Justice Anthony Kennedy had made it clear in 2005 in the majority opinion in Roper v. Simmons that the Court recognized that criminals under 18 are much more likely to be rehabilitated, since they “are more capable of change than are adults, and their actions are less likely to be evidence of ‘irretrievably depraved character.’”
Five years later, in Graham v. Florida, he wrapped it up: “Life in prison without the possibility of parole gives no chance for fulfillment outside prison walls, no chance for reconciliation with society, no hope. Maturity can lead to that considered reflection which is the foundation for remorse, renewal, and rehabilitation. A young person who knows that he or she has no chance to leave prison before life’s end has little incentive to become a responsible individual.”
A new Supreme Court majority, led by Justice Brett Kavanaugh, left precedent behind in Jones last week. The Court now allows judges to lock in life sentences for young murderers while admitting there is no way for those judges to know if they’re incorrigible or not.
We don’t need Supreme Court justices to tell us whether young criminals should be allowed the chance of becoming better people. That goes double for Kavanaugh, who famously insisted, for himself, that youthful criminality doesn’t even count.
All we need are memories of our own lives. As kids, many of us often acted like animals. And not in a good way.
As a boy, I vandalized a fleet of earth-moving equipment, intending to punish developers of a huge vacant lot behind our old apartment. I resented losing the big free open space and its urban wildlife.

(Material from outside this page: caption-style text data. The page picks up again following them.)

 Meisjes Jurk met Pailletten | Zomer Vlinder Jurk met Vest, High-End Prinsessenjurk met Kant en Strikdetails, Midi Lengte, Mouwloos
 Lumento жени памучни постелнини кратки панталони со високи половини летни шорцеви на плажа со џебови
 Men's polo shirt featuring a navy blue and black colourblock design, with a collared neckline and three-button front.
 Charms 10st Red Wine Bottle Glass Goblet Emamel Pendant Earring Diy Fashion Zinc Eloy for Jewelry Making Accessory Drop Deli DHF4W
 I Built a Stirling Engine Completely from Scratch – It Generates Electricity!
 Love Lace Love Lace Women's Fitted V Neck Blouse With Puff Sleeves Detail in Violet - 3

I stuffed bulldozers' batteries and radiators with sand, and I released mice inside their cabs. I let air out of tires. I felt heroic, though I was endangering the lives of the heavy equipment operators.
I imagined being publicly congratulated by fans of land preservation. I was as deluded as those who stormed the Capitol Jan. 6 and seemed to expect acclaim from a grateful nation. Unlike them, I was still in grammar school.

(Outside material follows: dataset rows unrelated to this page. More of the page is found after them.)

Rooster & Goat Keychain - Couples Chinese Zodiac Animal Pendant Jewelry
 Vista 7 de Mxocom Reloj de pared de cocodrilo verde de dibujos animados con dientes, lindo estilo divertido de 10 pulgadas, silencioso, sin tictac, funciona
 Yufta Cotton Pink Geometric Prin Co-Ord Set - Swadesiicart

I loved that vacant lot. It had a 12-foot-high abandoned water tank with an 8-inch rim topping the perimeter. We boys would chase each other around the top, running as fast as we could go.

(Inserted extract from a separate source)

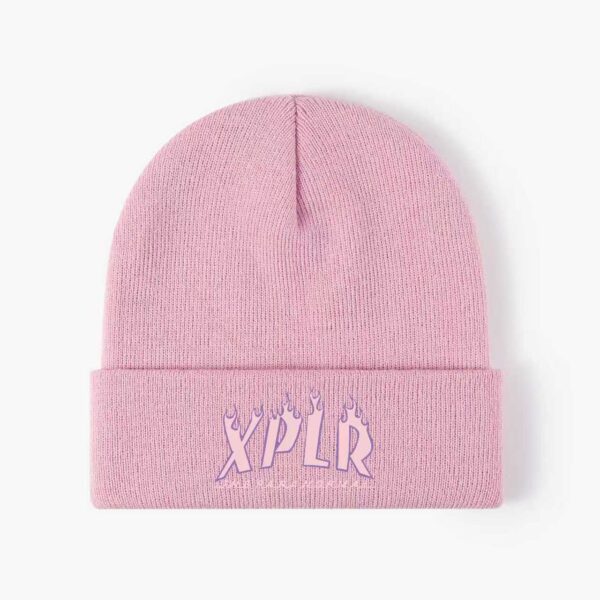Flames Beanie Pink Front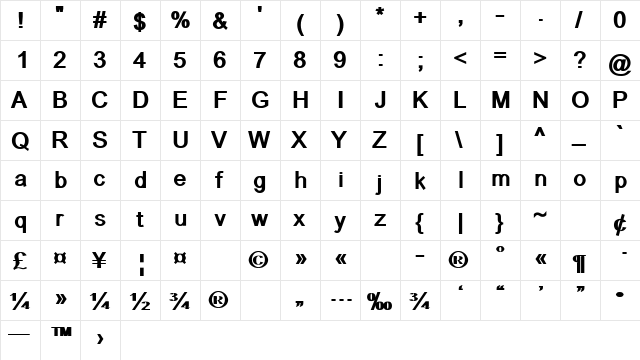 VangVieng Unicode Bold  glyph index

One kid fell, and I thought he was dead. But he got up, turned around and went home, never looking back.
We called him a coward and raced around like maniacs again.
The first of my friends to smoke marijuana dug a big hole in the shadow of the old water tank. He then thickly covered a thin sheet of plywood with dirt, and carefully drew it over the hole with himself underneath.
I think he figured that he could fire up a joint in there and keep inhaling the same smoke, so it would be like getting high inside of a big bong.
The plywood snapped in half, setting off a chain reaction collapse that left him buried up to his nose.
A block away, there was a boarded-up building rumored to be stocked with taxidermy. I broke in to see.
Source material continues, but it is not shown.